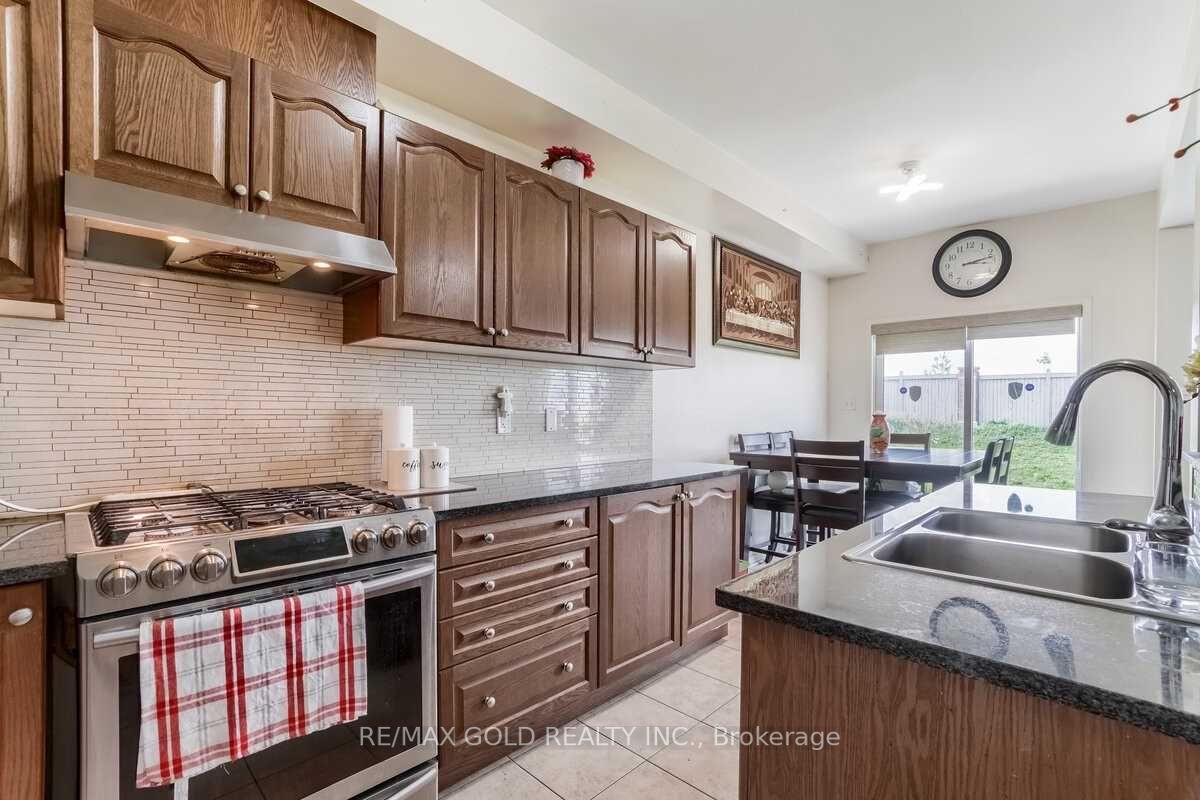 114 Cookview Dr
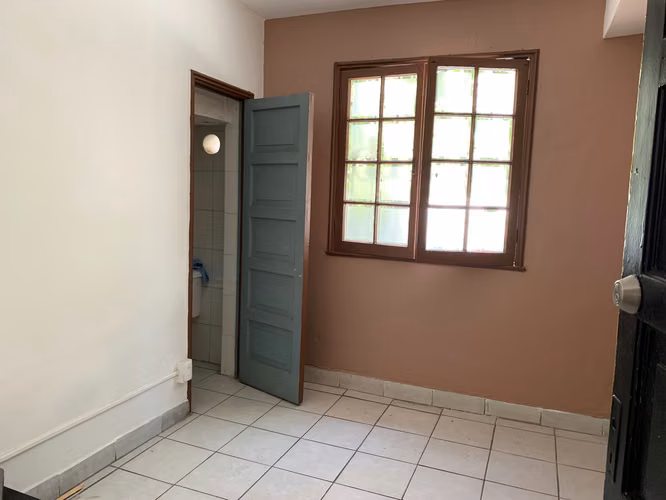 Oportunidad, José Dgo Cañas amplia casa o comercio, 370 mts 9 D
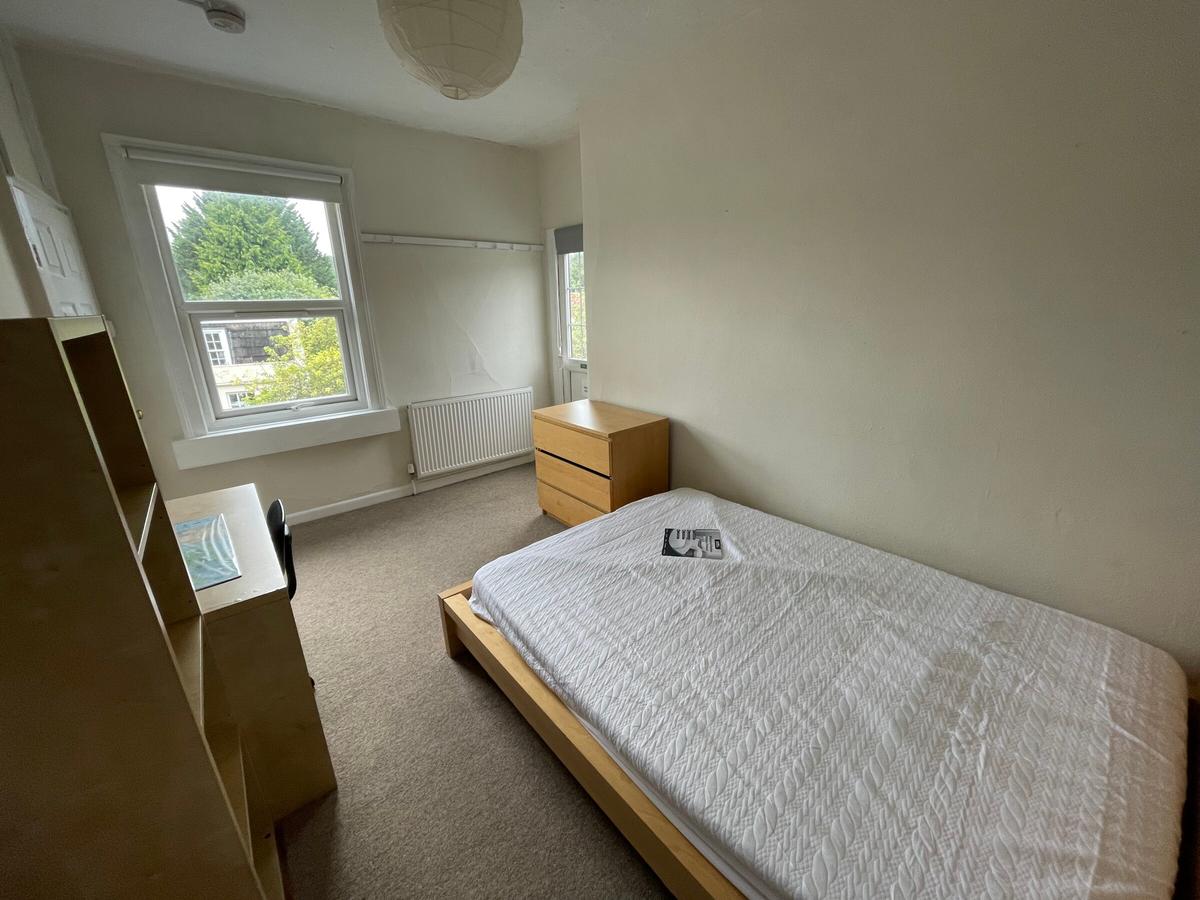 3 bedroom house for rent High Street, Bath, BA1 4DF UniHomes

########

- [Task]
From the line that holds "Oportunidad, José Dgo" to the last line of the data, return those lines exactly and nothing else; both ends count, and pictures stay out.

- [Output of the exercise]
 Oportunidad, José Dgo Cañas amplia casa o comercio, 370 mts 9 D
 3 bedroom house for rent High Street, Bath, BA1 4DF UniHomes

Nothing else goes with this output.